Kaurismäki construye una película humanista, extremadamente sencilla, y muy honesta, podríamos decir que incluso inocente, pero no en la expresión de escurrir el bulto, sino todo lo contrario, en el que se aboga por una solución al problema de un modo humanista, mirando a todos aquellos que vienen y escuchando sus problemas, no haciendo oídos sordos al conflicto. La película cimenta en la humanidad y la fraternidad las armas contra el problema de los refugiados, sacando a relucir esos valores humanos que parece que la sociedad capitalista, individualizada y de consumo, nos ha arrebatado, o nosotros hemos olvidado. Soluciones sencillas contra males complejos, quizás algunos les parecerá naif, pero no hay nada de eso, el cine de Kaurismäki es profundo, enorme, y mira a la realidad desde el alma, exponiendo todas las posiciones, retratando a los que ayudan a Khaled, como los que no, explicándonos todo lo que le va ocurriendo al refugiado, que se mueve entre sombras y dolor, en esta odisea en la Europa actual, un continente que sólo sabe mirarse a su ombligo y esconder sus miserias, que las hay y muchas, bajo la alfombra sucia y podrida. Kaurismäki vuelve a mostrarnos una mise en scene minimalista (marca de la casa) fundamentadas en tomas largas, en las que apenas hay movimientos de cámara, y vuelve a adentrarnos en sus memorables espacios (desnudos, en las que apenas se observan muebles u otros objetos, en los que conviven anacronismos con la mayor naturalidad, en el que descubrimos sofisticados aparatos que registran huellas dactilares que conviven con máquinas de escribir, lugares en los que sobresalen los colores fuertes, como verdes o rojos, herencia del maestro Ozu).

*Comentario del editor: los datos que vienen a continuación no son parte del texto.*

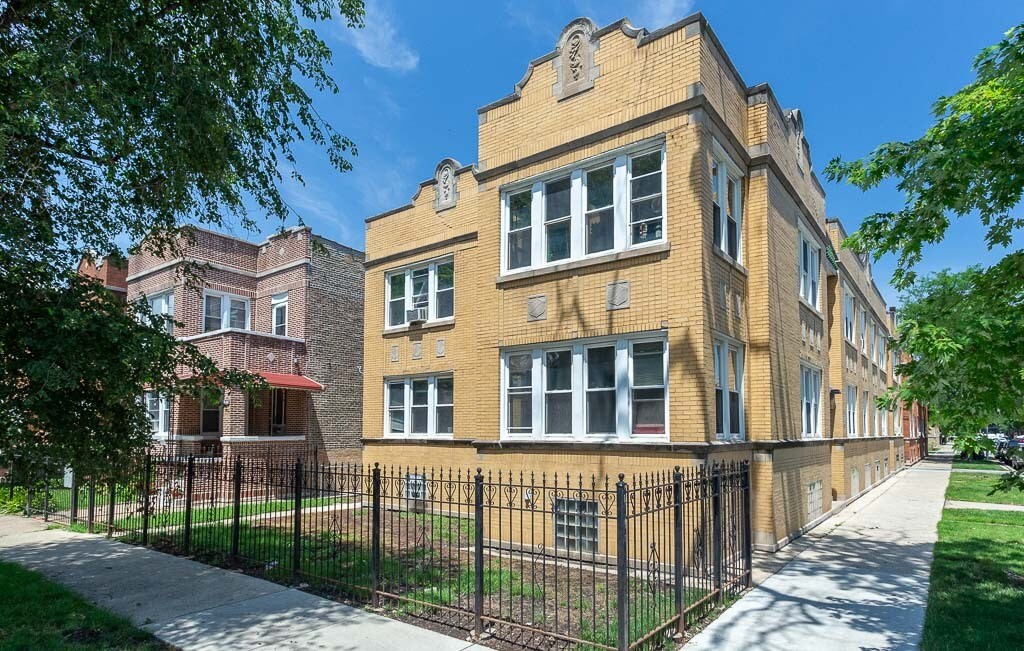 Primary Photo - 2436 N Leclaire Ave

Kaurismäki vuelve a emocionarnos y a concienciarnos con su cine, creando un hermoso canto a la vida, al humanismo y fraternidad de cada uno de nosotos, anteponiendo lo humano y los valores ante la barbarie deshumanizada que se ha convertido Europa, en la que sus líderes se empeñan en hablar de pueblos y hermandad, pero que la realidad es otra, donde se niega asilo y se expulsa a aquellos que sufren guerras y hambre provocadas por el imperialismo occidental. El cineasta finlandés recoge el testigo de los Chaplin, Renoir, Rossellini, Kiarostami o Jarmusch, entre otros, para contarnos una fábula de nuestro tiempo, en la que aboga por los valores humanistas frente al dolor o el sufrimiento del otro, extraer lo bueno de cada uno para ayudar a quién lo necesita, y sobre todo, una fraternidad valiente y amiga, en la que los más desfavorecidos se ayudan entre sí, a pesar de las dificultades que atraviesen, porque, como explica la película, es lo único que tenemos, porque el poder hace tiempo que ha dejado de interesarse por los que ya no existen, por todos los invisibles, todos los que se levantan cada día para trabajar por cuatro perras mal dadas y existir en una sociedad cada vez más hipócrita, desigual e injusta, por todos aquellos que Kaurismäki ha convertido en los protagonistas de su cine, en la que el genio finés les da voz, palabra, rock and roll y algo de aliento.